### TASK TO COMPLETE
Return exactly, please, the lines from the one containing "Garsoniera | Mobilata" to the last line of the entries below, and nothing else, leaving pictures out.

### SUPPLIED ENTRIES

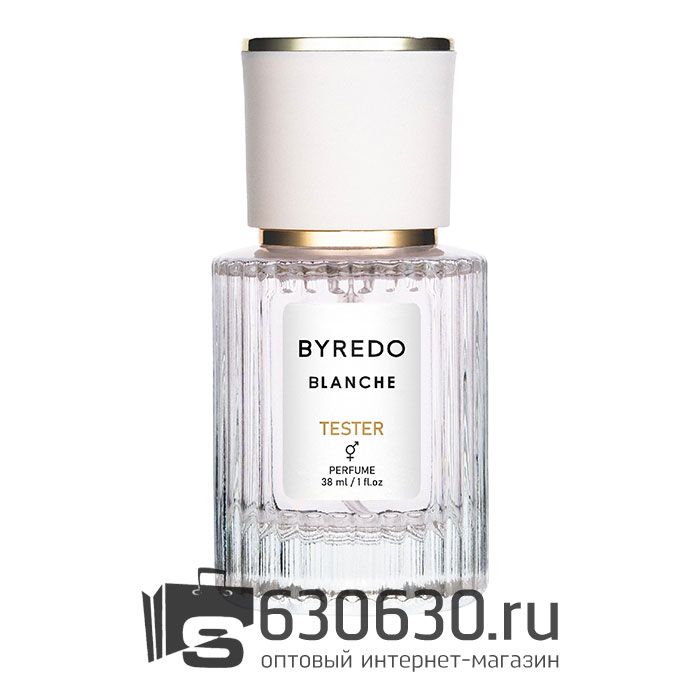 Мини-тестер Byredo "Blanche" 38 ml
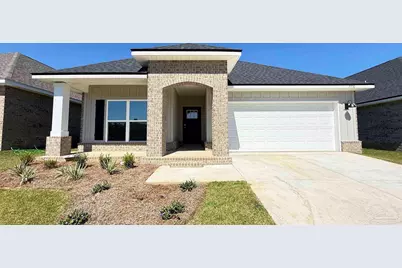 5936 Sargassum Ln, Milton, FL 32583 - Photo 1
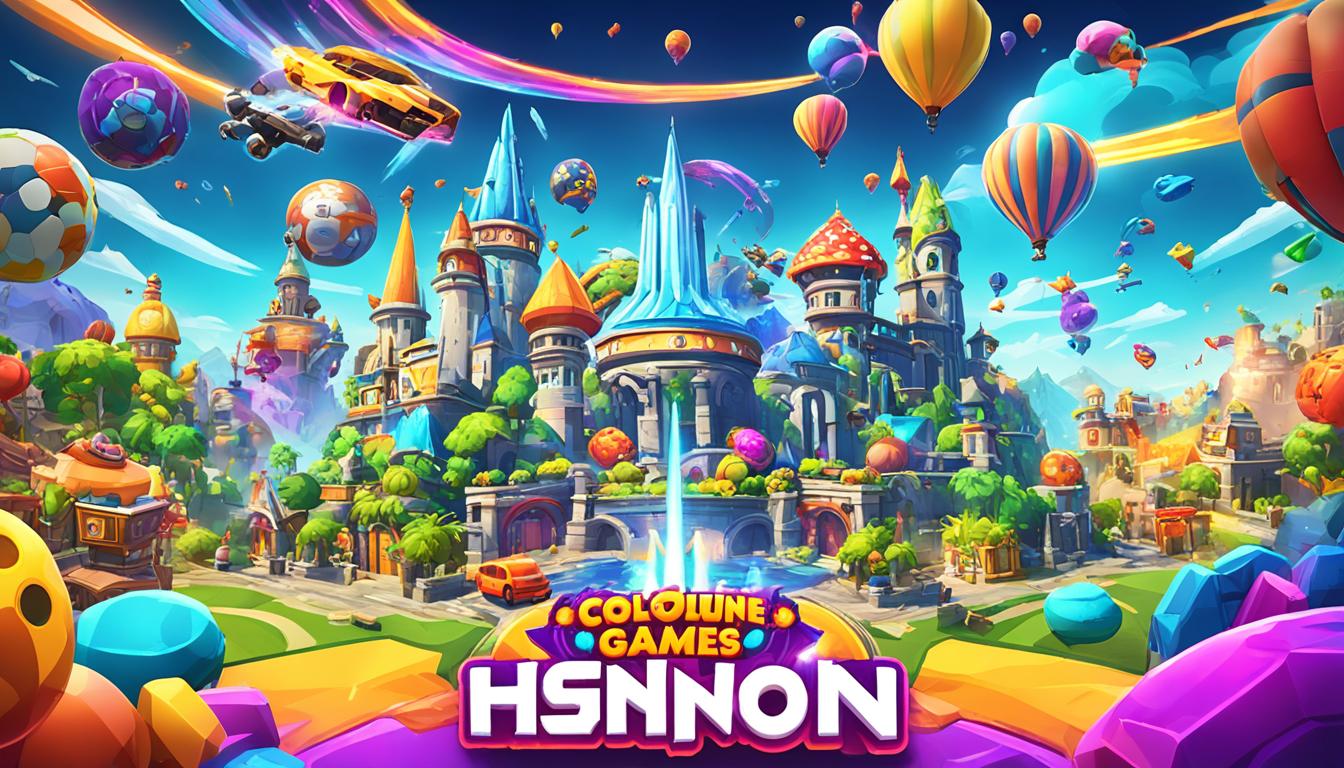 hotspin69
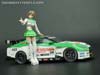 Transformers GT GT-R Maximus - Image #63 of 160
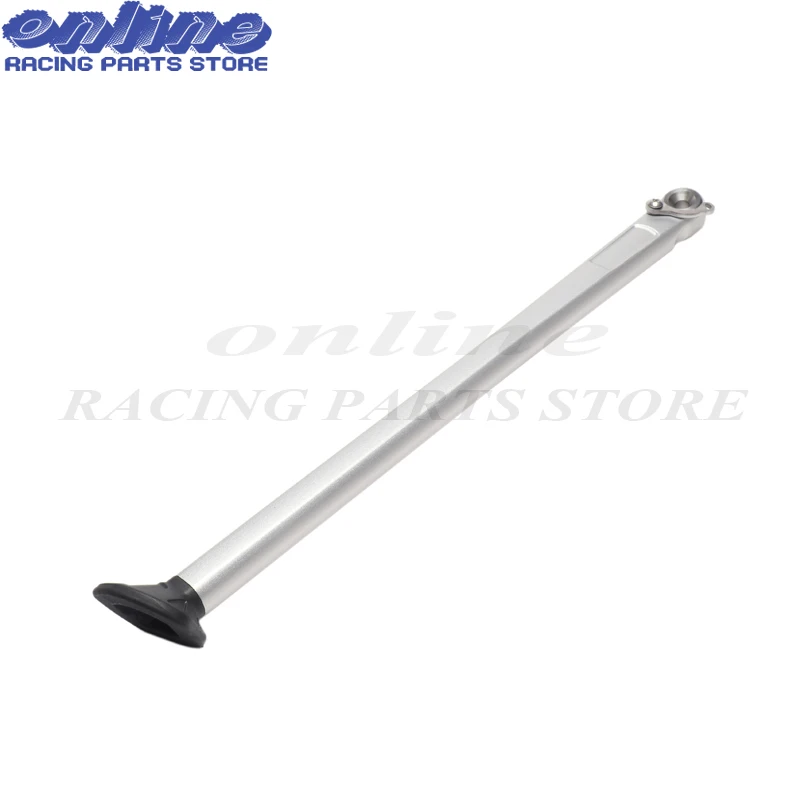 ձ  ű ĵ ̵ ĵ 7075 ˷̴ XC XCF XCW EXC EXCW EXCF XCR HUSQVARAN 200 250 300 350 400 450 500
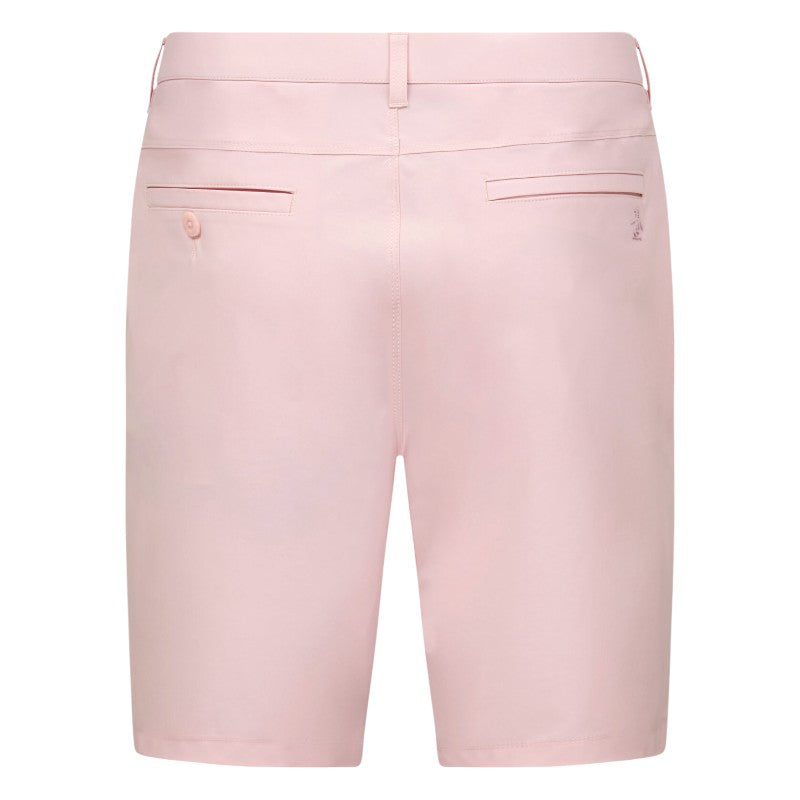 Original Penguin The Player 9" Golf Shorts OGKBSF46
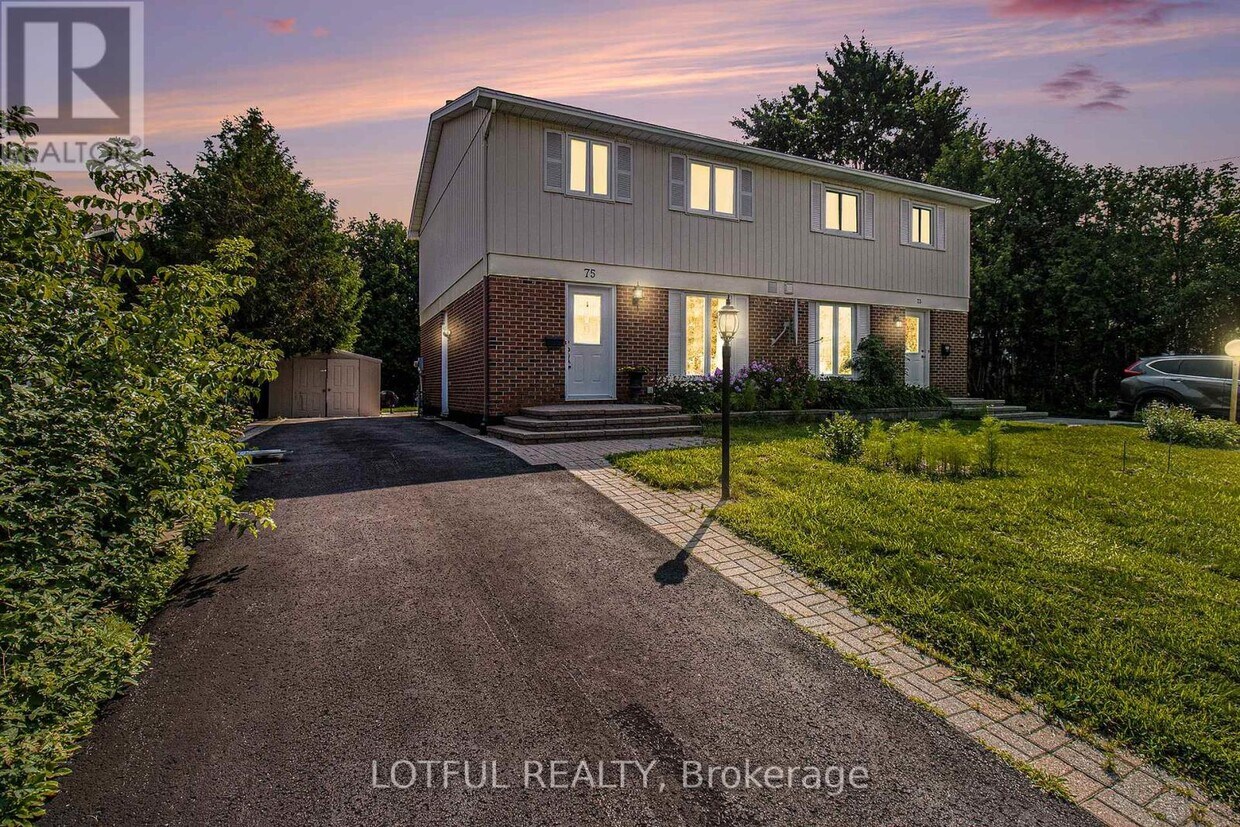 Primary Photo - 75 Dalehurst Dr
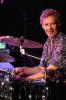 billbruford_5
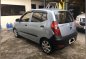 2012 Hyundai I10 for sale-2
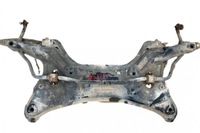 фото thumb №1, Fiat panda ii поперечина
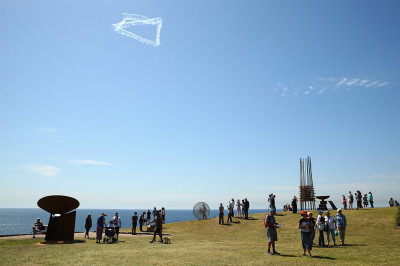 sculpture by the sea sydney watch this space sculpture by the sea sydney watch this space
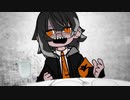 しあわせレストラン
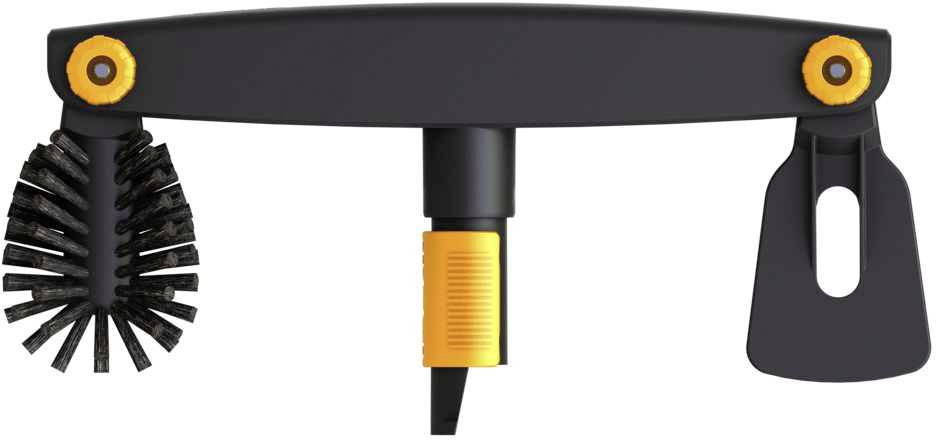 Gutter cleaner 1001414 QuikFit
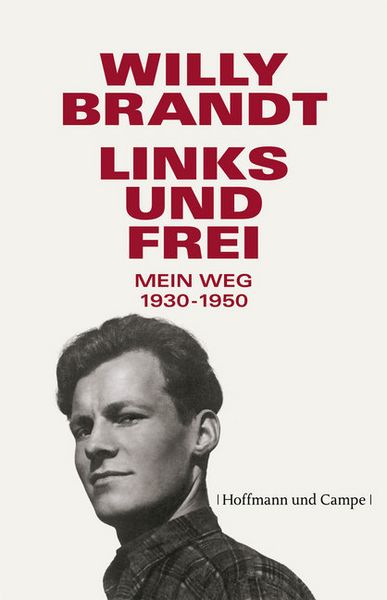 Produktbild: Links und frei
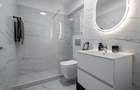 Garsoniera | Mobilata & utilata | Ivory Residence | Direct Proprietar - 14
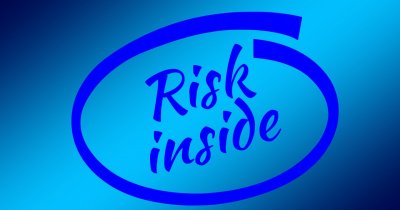 Bitdefender: Nouă vulnerabilitate severă în procesoarele Intel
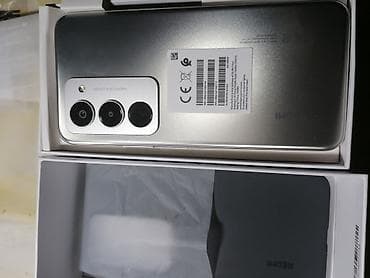 mi pad se: Redmi, Redmi 15, Новый, 256 ГБ, цвет - Серый — 1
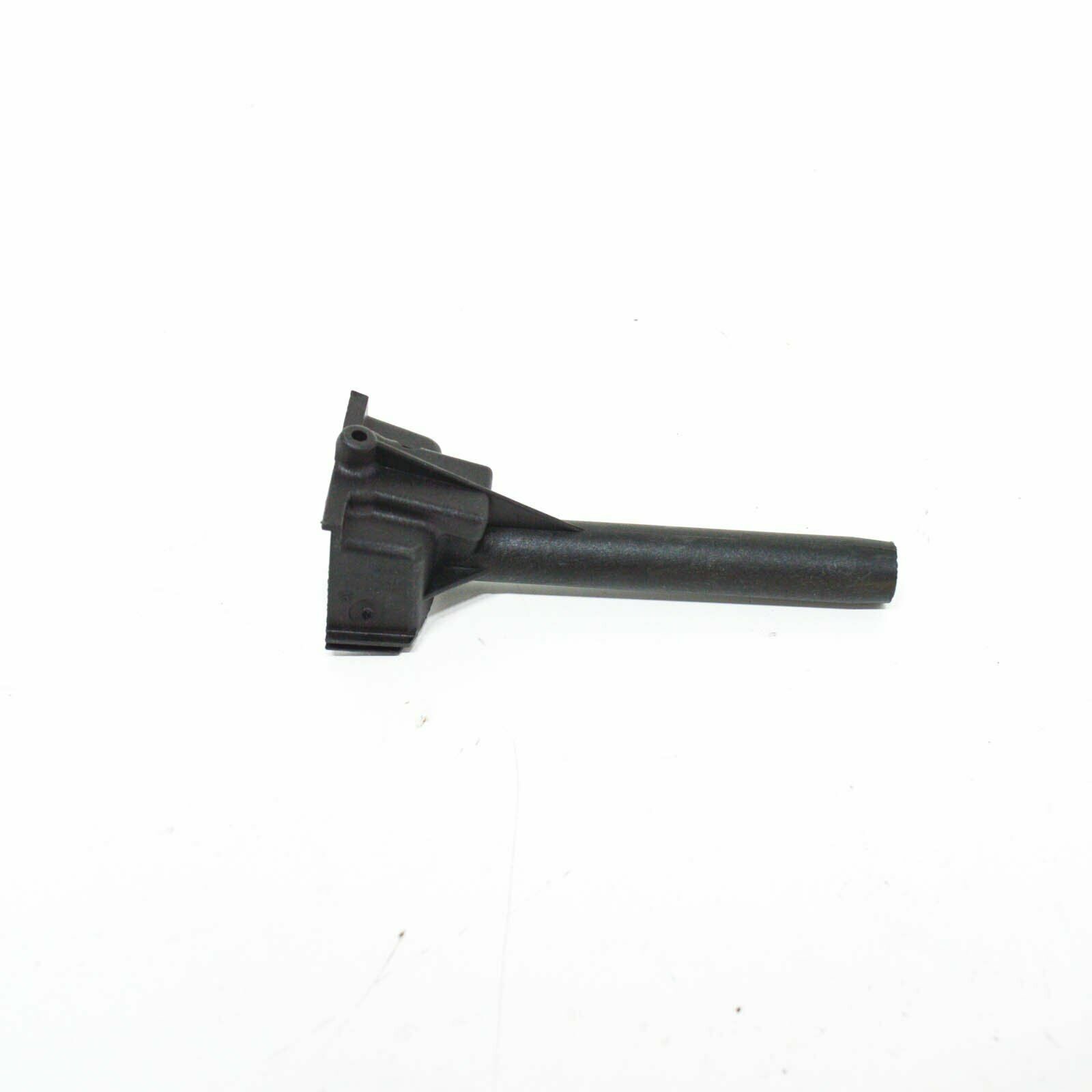 VOLKSWAGEN PASSAT 1997 - 2005 DEPO KİLİTLEME ÇUBUGU İÇ - resim 1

### EXPECTED ANSWER
 Garsoniera | Mobilata & utilata | Ivory Residence | Direct Proprietar - 14
 Bitdefender: Nouă vulnerabilitate severă în procesoarele Intel
 mi pad se: Redmi, Redmi 15, Новый, 256 ГБ, цвет - Серый — 1
 VOLKSWAGEN PASSAT 1997 - 2005 DEPO KİLİTLEME ÇUBUGU İÇ - resim 1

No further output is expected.